Veloci extractor (from Latin meaning playing a shell game so fast that the friction burns up whatever was under the shells but always slipping one loaded shell off the table into its own pocket while no one is looking.) This beast believes that the way to maintain power and control is to keep acronyms coming at unsuspecting prey faster than they can understand what’s really being done. It is sometimes referred to as a quant fund or a Goldman Sachs’ rapid trading platform so vital to profitability for themselves that they are in a quandary over exactly how vigorously to pursue the lawsuit against a mathematician who allegedly misappropriated the algorithm. Interestingly, the Veloci extractor has no concern for its prey and simply wants to devour any and all living matter so long as it can take calories from fresh or carrion alike.

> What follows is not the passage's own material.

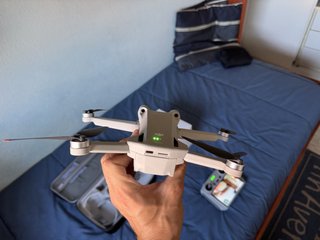 DJI Mini 3 Pro + DJI RC, batería y accesorios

Transactosaurus wrecks (from Latin meaning a belief that you solve a challenge by denying its root cause but coming up with a story that unsuspecting prey will believe long enough for you to eat them). This beast believes that the way to maintain power and control is to keep prey so focused on consumption at their miniscule level that they won’t see the carnage being wrought by its own kind. It is sometimes seen in the company of rating agencies, pension fund managers, or Government Sponsored Enterprises. Lately, the Transactosaurus wrecks has been hanging around the FDIC and the close to 1,000 soon to be failed banks in the company of Veloci extractors as they’ve formed a great scheme that takes statutory reserve funds (for banking, insurance, and pensions) and seeks to use them as long as they can do so with impunity. At the G-20 Summit (or as I like to call it G20assic Park), many of these beasts successfully got the leaders of the new 12 member countries to believe that the way to become globally powerful is to clone the same genus and species of walnut-sized brain inspired programs that took us to the brink. However, what they didn’t point out is that the Veloci extractors’ and Transactosaurus wrecks’ real motivation was to expand their feeding grounds with prey that they understand.

As the asteroid of illumination comes closer to us, you should see both of these beasts continuing to ravage unsuspecting prey like they do. You should assiduously avoid putting yourself within easy reach of having “prey” and “you” as synonyms and if you do, all I can recommend is the homonym.

The good thing about being one of the smaller furry creatures is that you can prosper with a smaller appetite. You can band together and create shelter and safety. You can keep warm and cozy with other furry things. And, most importantly, you can think! So start using the part of your brain above the stem, disengage the fear that the beasts have used to their advantage for a long time, and celebrate that change is that growing light in the sky!